The government refused
to hand over two Sudanese named in International Criminal Court (ICC) warrants.
The men are charged with war crimes and crimes against humanity. The government
claims conducted its own investigation into the charges and there is no
evidence of war crimes. One of the men is allegedly a commander in a janjaweed
militia operating in Darfur.
May 3, 2007: The government of
south Sudan (which is acting with increasing autonomy), said that it will continue its efforts to
bring Darfur rebel groups into new peace talks with the central government. The
government of south Sudan believes it can act as a mediator, since many of its
leaders are former rebel leaders in the southern civil war which ended in 2005.
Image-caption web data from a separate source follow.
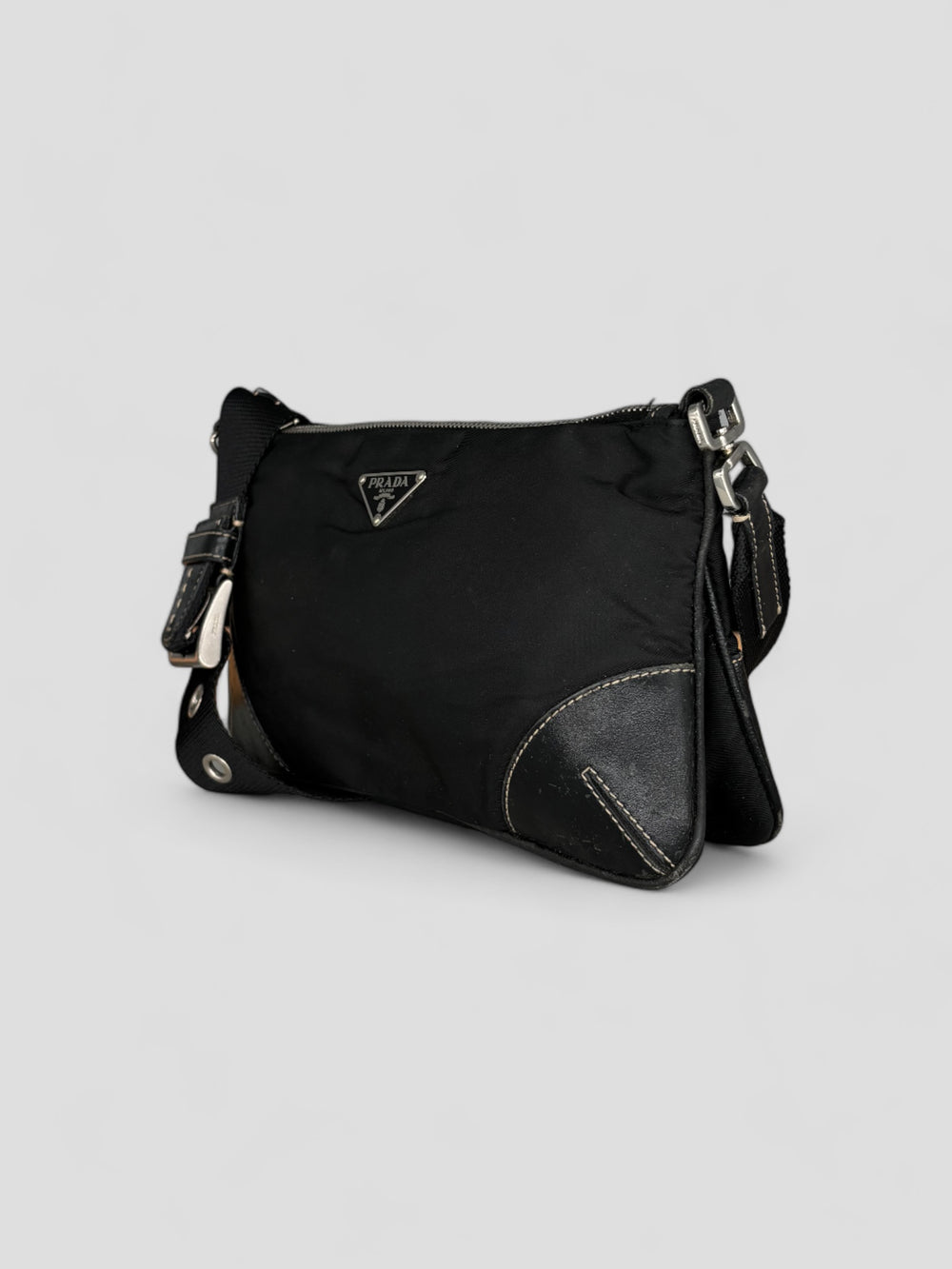 Prada Tessuto Leather Nylon Shoulder Bag black, schwarze prada umhängetasche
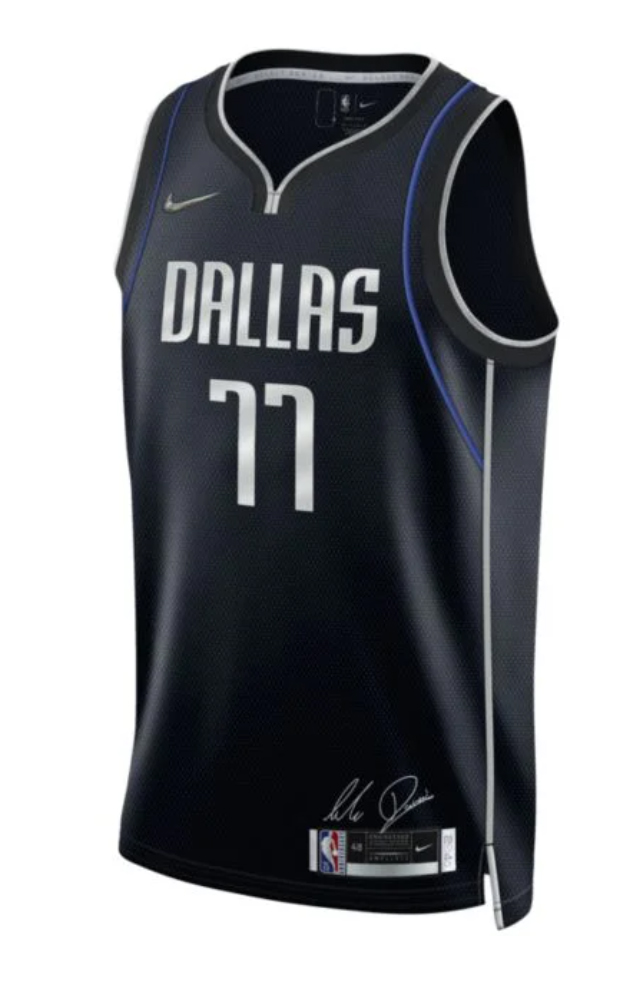Czarna koszulka NBA Luka Dončić Dallas Mavericks DH8069010 M z wyszywanym numerem 77
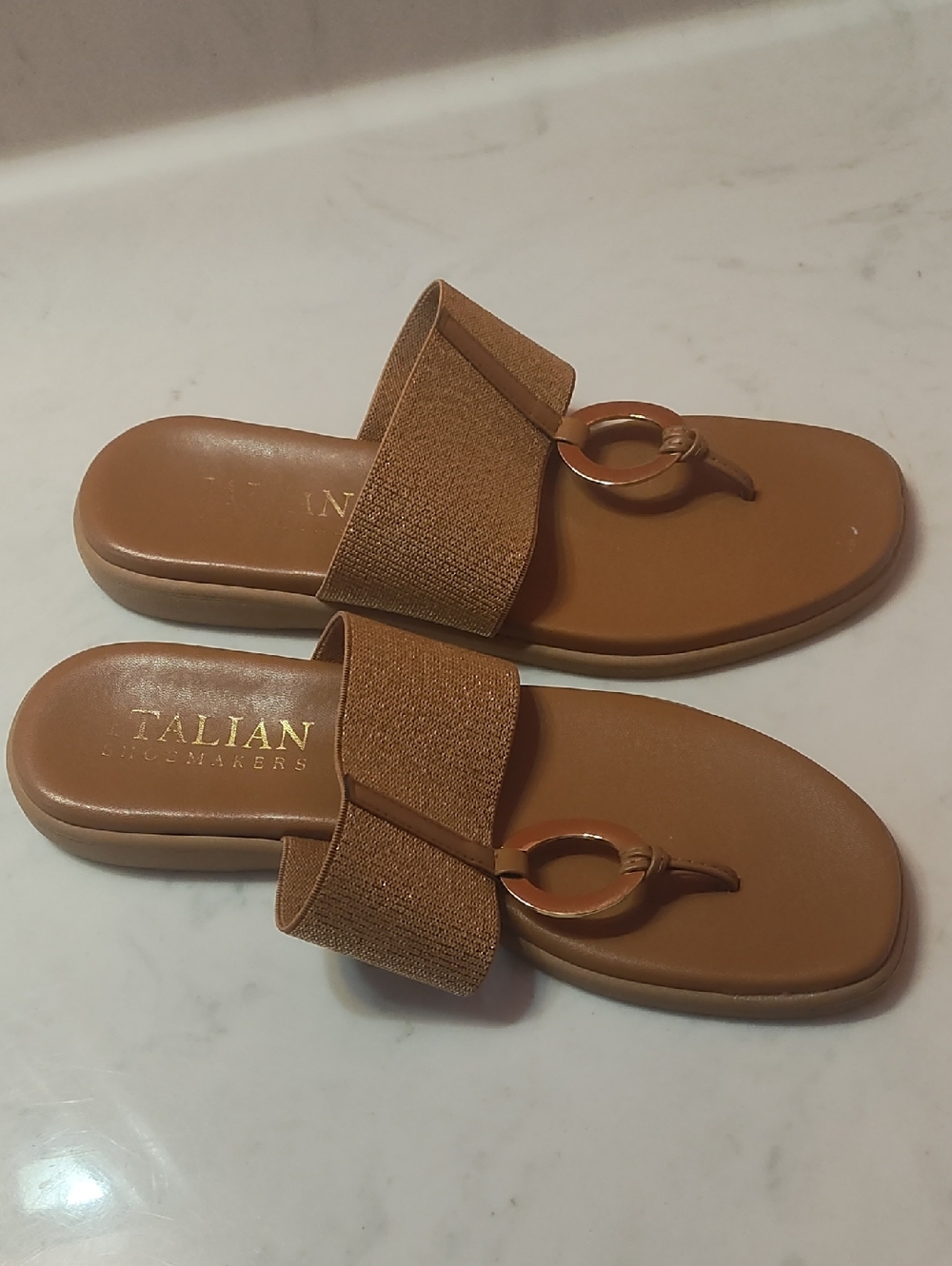 Italian Tan Slip-On Toe-Ring Slide Sandals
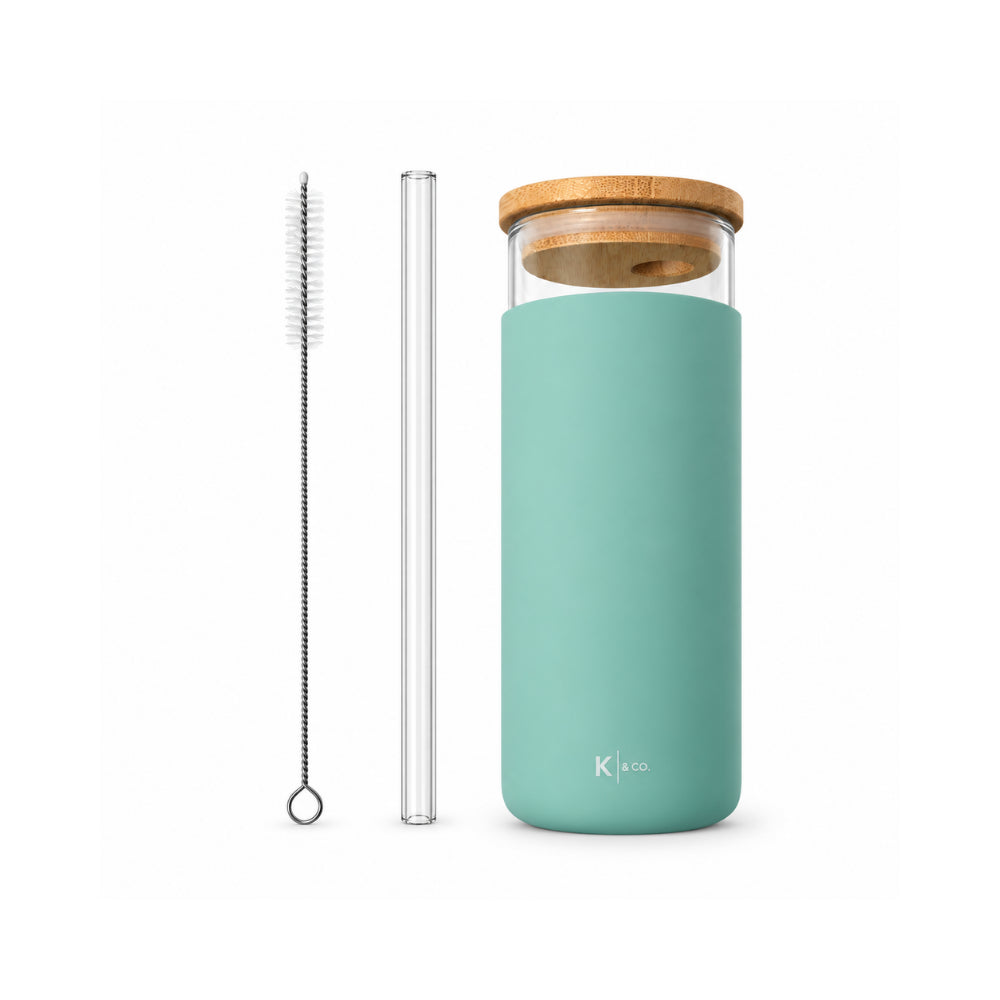 K&Co. Lagoon Series Glass & Silicone Smoothie Bottle - MINTY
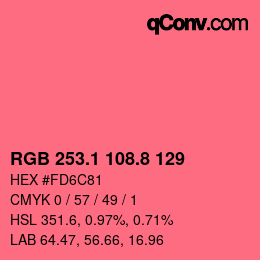 カラーコード: RGB 253.1 108.8 129 | qconv.com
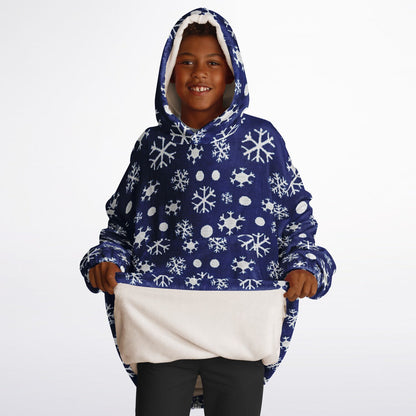 Blue Winter Snowflakes Youth Snug Hoodie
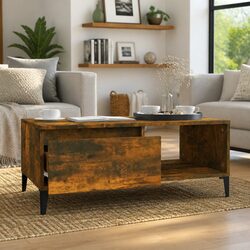 Coffee Table with Storage Drawer Open Compartment Brown Engineered Wood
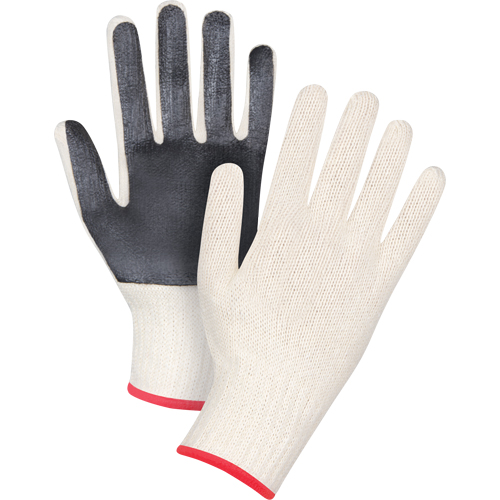 Palm-Coated String Knit Gloves, Poly/Cotton, Single Sided, 7 Gauge, Small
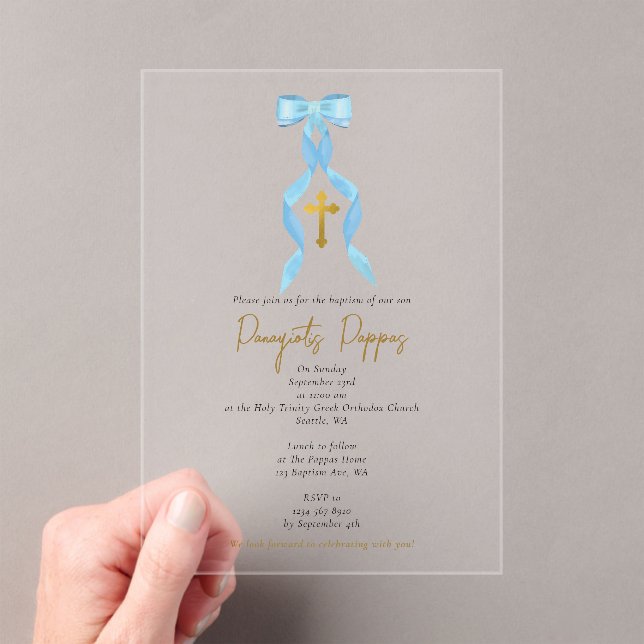 Blue Bow Greek Orthodox Christening Boy Baptism Acrylic Invitations (Insitu (Handheld))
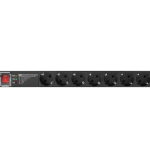 Lanberg PDU-PRO-07F-0200-BK unidad de distribución de energía (PDU) 6 salidas AC 1U Negro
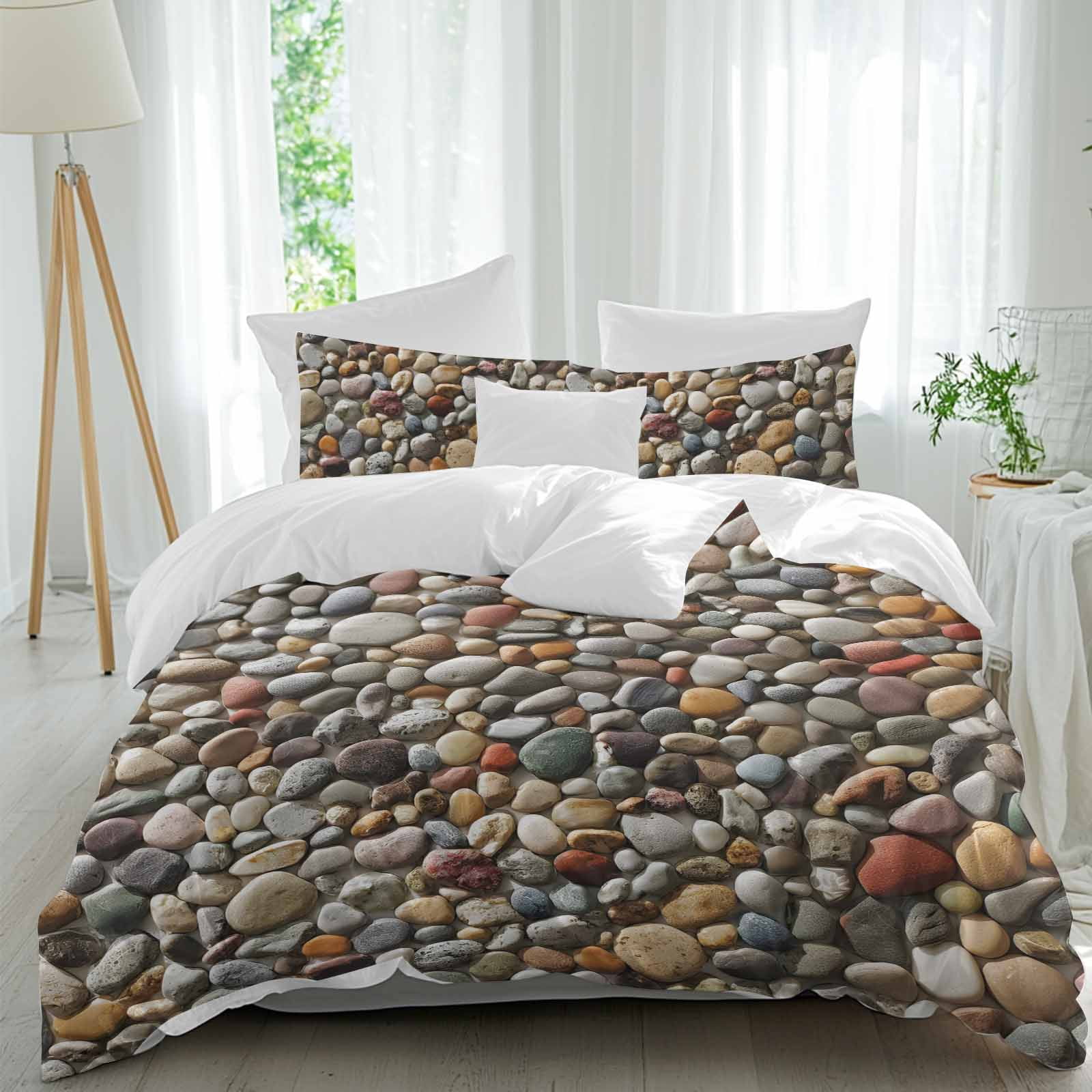Colorful Stones Bedding 3 Piece Duvet Cover Set California King, Farmhouse Stones Modern Art Soft Microfiber Comforter Cover with Zipper Closure & Pillowcases, Wrinkle & FadeResistant Quilt Cover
One spokesman, however, said that it will take "up to three months" before the
talks can begin.
May 2, 2007: Six UN workers in the
United Nations High Commission for Refugees (UNHCR) office were kidnapped in
Darfur, but were later released
May 1, 2007: International
activists trying to stop the genocide in Darfur have taken aim at two large
companies with investments in Sudan: Berkshire Hathaway and Fidelity
Investments. The activists intend to present resolutions to the companies
stockholders asking them to divest in the Sudan. This effort failed. China is
increasingly a target of peace activists. China buys 60 to 65 percent of
Sudan's daily oil output. Resolutions like the ones proposed for Fidelity and
Berkshire Hathaway are often little more than publicity stunts. However, a
coordinated campaign can hurt targeted countries (in this case Sudan) by
limiting sources of private investment capital.
April 29, 2007: The government
accused rebels in the National Redemption Front (NRF) of killing a helicopter
pilot and capturing another in West Darfur. A rebel group claimed it had shot
down a Sudanese helicopter near Um Rai, in North Darfur State. The helicopter
was on a recon mission.
A faction of the Sudan Liberation
Army (one that did not sign the May 2006 peace agreement) said that Sudanese
government forces attacked the Hashasba region in North Darfur State. The
statement said that Sudanese forces also "bombarded" the area. That usually
indicates an air strike by Sudan Air Force transports carrying bombs, though
the Sudanese Army also employs howitzers and mortars.
April 28, 2007: A UN source
reported that "unidentified armed men" fired on the Hassa Hissa refugee camp in
South Darfur state. One refugee was wounded in the attack.